Means when you have a subobject in your object you shouldnt just clone/copy its reference but the internal structure of this object (in order to create a new instance of it), if each object has its clean clone() methode you will be able to clone it like the parent object otherwise you will have to create a new instance of it and copy its internal premitive fields one by one.
In Effective Java, the author states that:
If a class implements Cloneable,
Object's clone method returns a
field-by-field copy of the object;
otherwise it throws
CloneNotSupportedException.
What I'd like to know is what he means with field-by-field copy. Does it mean that if the class has X bytes in memory, it will just copy that piece of memory? If yes, then can I assume all value types of the original class will be copied to the new object?

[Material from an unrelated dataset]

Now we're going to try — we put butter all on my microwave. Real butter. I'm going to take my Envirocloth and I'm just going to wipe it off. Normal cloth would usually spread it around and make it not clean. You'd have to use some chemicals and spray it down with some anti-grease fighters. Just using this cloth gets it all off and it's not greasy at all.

class Point implements Cloneable{
private int x;
private int y;
#Override
public Point clone() {
return (Point)super.clone();
}
}
If what Object.clone() does is a field by field copy of the Point class, I'd say that I wouldn't need to explicitly copy fields x and y, being that the code shown above will be more than enough to make a clone of the Point class. That is, the following bit of code is redundant:
#Override
public Point clone() {
Point newObj = (Point)super.clone();
newObj.x = this.x; //redundant
newObj.y = this.y; //redundant
}
Am I right?
I know references of the cloned object will point automatically to where the original object's references pointed to, I'm just not sure what happens specifically with value types. If anyone could state clearly what Object.clone()'s algorithm specification is (in easy language) that'd be great.

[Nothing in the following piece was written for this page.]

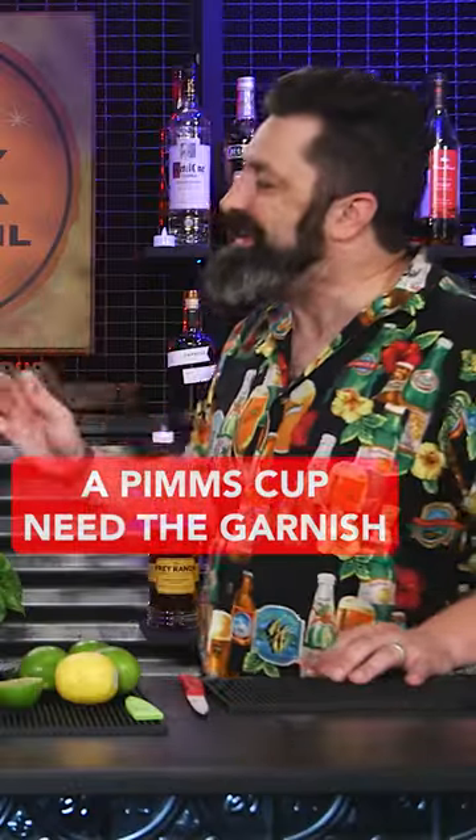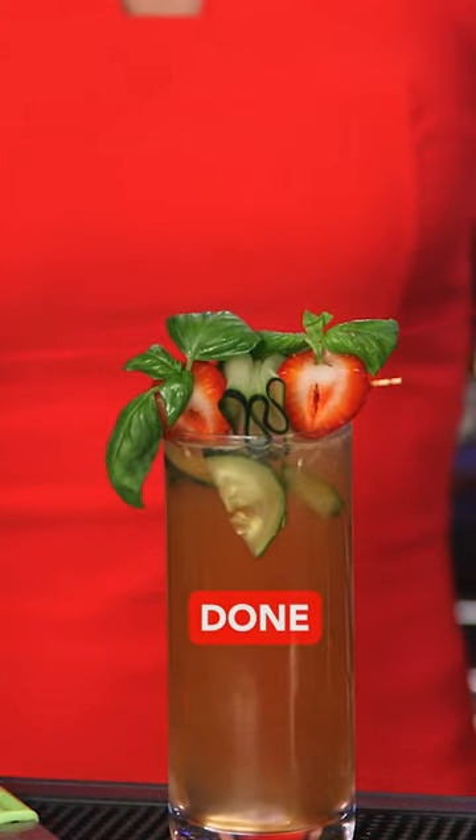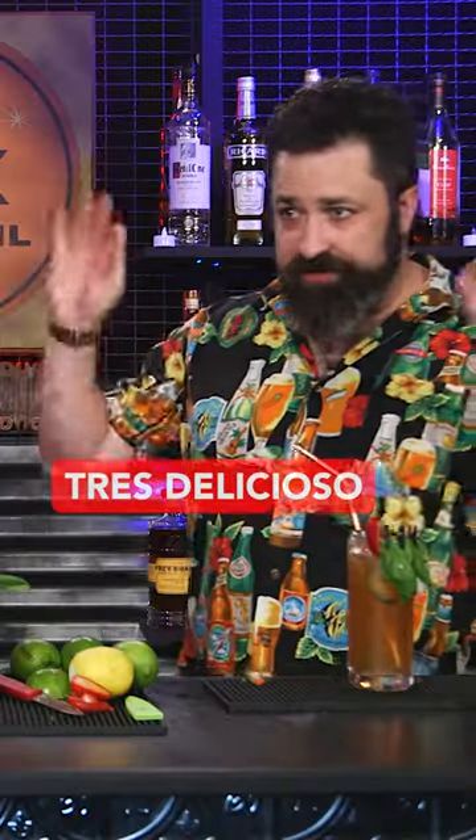A Pimm's cup needs the garnish: strawberries, some basil, and a cucumber. Done. Super refreshing. Tray Delicioso.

Yes, a field by field copy does mean that when it creates the new (cloned) object, the JVM will copy the value of every field from the original object into the cloned object. Unfortunately this does mean that you have a shallow copy. If you desire a deep copy, you can override the clone method.

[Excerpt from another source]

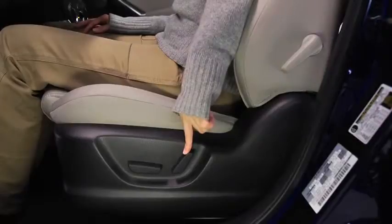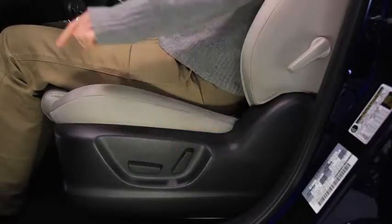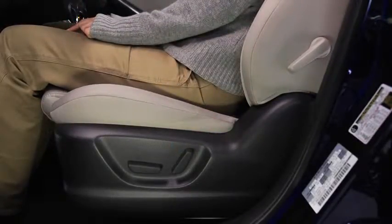To change the seat back angle, press the front or rear side of the reclining switch. Release the switch at the desired position.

class Line implements Cloneable {
private Point start;
private Point end;
public Line() {
//Careful: This will not happen for the cloned object
SomeGlobalRegistry.register(this);
}
#Override
public Line clone() {
//calling super.clone is going to create a shallow copy.
//If we want a deep copy, we must clone or instantiate
//the fields ourselves
Line line = (Line)super.clone();
//assuming Point is cloneable. Otherwise we will
//have to instantiate and populate it's fields manually
line.start = this.start.clone();
line.end = this.end.clone;
return line;
}
}
Also one more important thing about the cloning is, the constructor of the cloned object is never invoked (only the fields are copied). So if the constructor initializes an external object, or registers this object with some registry, then that will not happen for the cloned object.
I personally prefer to not use Java's cloning. Instead I usually create my own "duplication" methods.
It means a shallow copy -- the fields are copied, but if you have any references, what these point to is not copied -- you will have two references to the same object, one in the old object and one in the new, cloned object. However, for fields that have primitive types, the field is the data itself, so they get copied regardless.
newObj.x = this.x; //redundant
newObj.y = this.y; //redundant
that's right - these are redundant, since they will have already been copied by Object's clone() method.
Thinking of it as a data copy is correct. Primitive types are copied, and references are also copied so they point to the same object. For example,
class A implements Cloneable {
Object someObject;
}
A a = new A();
a.someObject = new Object();
A cloneA = (A)a.clone();
assert a.someObject==cloneA.someObject;
The default clone performs shallow copy of values. For primitive values, this is enough and no extra work is needed.
For objects, the shallow copy means copying the reference only. Therefore, in these cases a deep copy is usually needed. The exception for this is when the reference points to an immutable object. Immutable objects can't have their apparent state changed, therefore their references can be copied around safely. For example, this applies to String, Integer, Float, enumerations (if not made mutable by mistake).